Get in the normal push-up position starting point. Lower your body and touch your chest to the floor. Explode up and attempt to get both hands and feet off the floor. Lower your body to catch the descent and repeat the activity.
#15 Clap Push-Ups
We see this version quite often, but most never realize how difficult they are. Clap push-ups give you great explosive strength that carries over to performing movements such as the bench press.
Get in the normal push-up position starting point. Lower your body and touch your chest to the floor. Explode your upper body up keeping your feet on the floor. Clap your hands before landing in normal push-up stance and repeat.
#16 Single Arm Push-Ups
This is a pretty difficult exercise to perform and perfect.
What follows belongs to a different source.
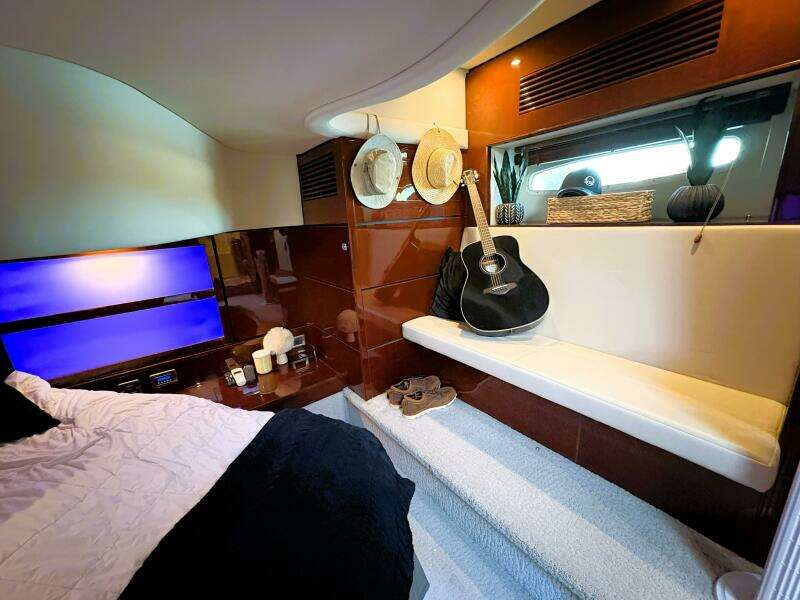 ON TOUR 47ft Sea Ray Yacht For Sale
Enter into them with caution so you don’t injure your shoulders or create too much strain on your chest.
Start off in normal push-up position on the floor, but with your feet spread wider than shoulder-width apart. Place one hand behind your back and exaggerate that side by raising your side slightly. Lean into the push-up and be sure to concentrate on placing all your energy onto that side of your body. Press your body up and repeat.
#17 The Grasshopper
These are similar to the Spiderman push-up, but you will be driving your knee to the opposite elbow this time. Be careful and pay attention to your balance because it will definitely hurt your body if you do this with improper movements.
Get in the normal push-up position. Lower your body and bring your knee to the opposite elbow. Place your foot back to the floor as you press your body back up.
#18 Handstand Push-Ups
This exercise places most emphasis on your shoulders and triceps, but is hard to do on your own unless you have great balance.
Place your body vertically upside down against a wall. You can also have some help of a friend. Lower your body stopping just before your head touches the ground. Activate your shoulder muscles to press your body back up.
#19 Crossover Push-Ups
These are great for changing resistances during movement. You will need an item such as a speed stepper to elevate your body, but remain stable.
Place the item you will elevate from on the floor. Get in the push-up position with one hand on the box. Press your body up and crossover to where the opposite hand is now on the box. Perform another rep and do the same thing back to how you started.
#20 Box Jump Push-Up
The box jump push-up needs something similar to the crossover push-up such as a box. You basically do a close hand push-up on the box, then down to the floor and make your way back up.
Place your hands on the box and lower your body into the push-up position. Press your body up and then throw hands out to shoulder-width landing on the floor. Touch your chest and press yourself back up to starting point (from floor to box).
These 20 push-ups can be used in whatever order you like with as many repetitions as you want to do. Mix them in with weight training to get a great workout in. Your upper body and core will get a great workout and even your legs will benefit from your efforts.